8|"burada senden başka güzel bir şey daha göremiyorum."

357 38 171
                                    

Kafeteryadan en az kendim kadar çok sevdiğim kahvemi almış ve köşedeki masalardan birine geçmiştim. Yalnız başımaydım, bu gibi durumlarda bir başkası çok rezil, üzgün ve de yıkık görünecek olsa bile bu bana geldiğinde tamamiyle ters tepiyordu, böylesine bir mükemmelliğin ezik görünmesini beklemek oldukça büyük bir ayıptır.

Kahvemden bir yudum daha alıp telefonuma döndüğüm sırada karşımdaki sandalyenin çekilmesiyle gözlerim önüme döndü, zaten dümdüz olan ifadem oldukça düştü ve kaşlarımın çatılmasına engel olamadım.

Choi Yoojin, Jeno konusunda benden yardım isteyen Leydi, şimdi benimle ne işi vardı?

"Merhaba Jaemin."

Başımı sallayarak ufak bir selam verdim ona, yüzüm hâlâ ifadesizdi, kollarımı önümde birleştirmiş ağzından çıkarmak üzere olduğu baklayı duymayı bekliyordum.

"Eee, şu her zaman söylediğin güzel sözler falan yok mu? Böyle sıkıcı oldu biraz."

Yamuk ve daha çok alaylı bir gülüş bahşettim ona, söylediği her şeyden sonra şu anda bile onu ortada bırakmayışım için minnettar olmak yerine hâlâ böyle küstahça laflar ediyor olması şimdiye kadar ona Leydi dediğim her bir sefer için onlarca kez pişman ediyordu beni. Bir beyefendi oluşumdan yararlanmak istiyordu, biliyordum fakat artık bu mümkün değildi, o artık bir Leydi olarak saygı duyduğum biri hiç değildi.

"Güzel sözlerimi sadece gerçekten birer hanımefendi olduğunu düşündüğüm kişilere sarf ederim Choi Yoojin, ve ne yazık ki sen artık onlardan biri değilsin."

Kasılan yüzünden bozulduğunu ve bana sinirlendiğini anlayabiliyordum fakat bu beni zevke getirmekten başka hiçbir şeye yaramıyordu, bunu biliyor olmalıydı ki üstünü başını düzeltip tekrar konuşmaya başladı.

"Hâlâ Lee Jeno'yu istiyorum, Jaemin. Bir kez daha yardım etmeni istiyorum, bu sefer istediğimi alacağım. Eğer bana yardım edersen sana yüklü bir miktar ödeme yapabilirim."

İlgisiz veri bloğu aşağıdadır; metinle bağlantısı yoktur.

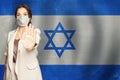 Coronavirus COVID-19 prevention and SARS cov 2 and Coronavirus disease in Israel concept. Woman in anti virus protection mask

Alaylı gözlerimi kafeteryadan içeri henüz girmiş olan Lee Jeno'ya çevirdiğimde göz göze gelişimizle ona gülümseyerek elimle yanıma çağırdım. Tereddütlü bakışları eşliğinde yanıma doğru yürürken masada karşımda oturan kıza doğru eğildim ve ona en şeytani gülümsemelerimden birini gönderdim, ne ile uğraştığının farkında olması gerekirdi.

"Sana yardım edemem çünkü biz aynı tarafta değiliz, şekerim. Bilâkis, artık Lee Jeno'yu elde edebilmek için çok daha fazla uğraşman gerekiyor çünkü kendine mükemmel olduğu kadar zeki de olan bir rakip edindin. Bol şanslar sana."

Masanın yanında durmuş ve tanıdık simaya bakarken kaşlarını çatmış olan Jeno ne işler karıştırdığımı bilmediğinden huzursuzdu biraz, gözleriyle bana sorular soruyor fakat cevap alamıyordu.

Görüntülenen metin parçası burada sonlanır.